● **ABOUT THIS EXERCISE**
Down to the last line, set down the material below exactly; skip the pictures.

● **DATA BELOW**
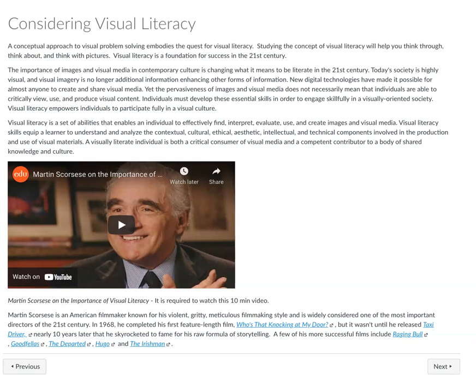This is a video you're required to watch because you're going to write a reflective essay about the concepts from it. It's a Martin Scorsese film — just a 10-minute video — where he talks about visual literacy and why he thinks it's so important. There are also some great links that take you to previews of films he's made if you're unfamiliar with his work, and you can look them up in whatever media platform you use.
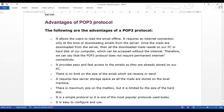The POP protocol is generally used with an email client that we install on our desktop and PC, like Outlook, Mail.com, and Microsoft has many other products. There are some offline email clients available and they all use the POP protocol.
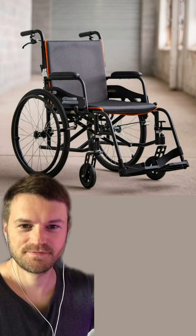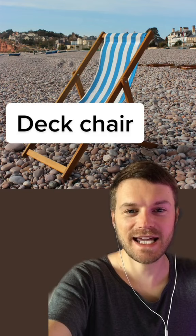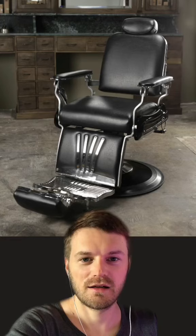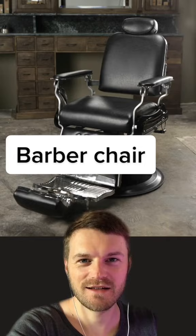And this is a... Wheelchair. This is a... Deck chair.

● **WRITTEN SOLUTION**
This is a video you're required to watch because you're going to write a reflective essay about the concepts from it. It's a Martin Scorsese film — just a 10-minute video — where he talks about visual literacy and why he thinks it's so important. There are also some great links that take you to previews of films he's made if you're unfamiliar with his work, and you can look them up in whatever media platform you use.
The POP protocol is generally used with an email client that we install on our desktop and PC, like Outlook, Mail.com, and Microsoft has many other products. There are some offline email clients available and they all use the POP protocol.
And this is a... Wheelchair. This is a... Deck chair.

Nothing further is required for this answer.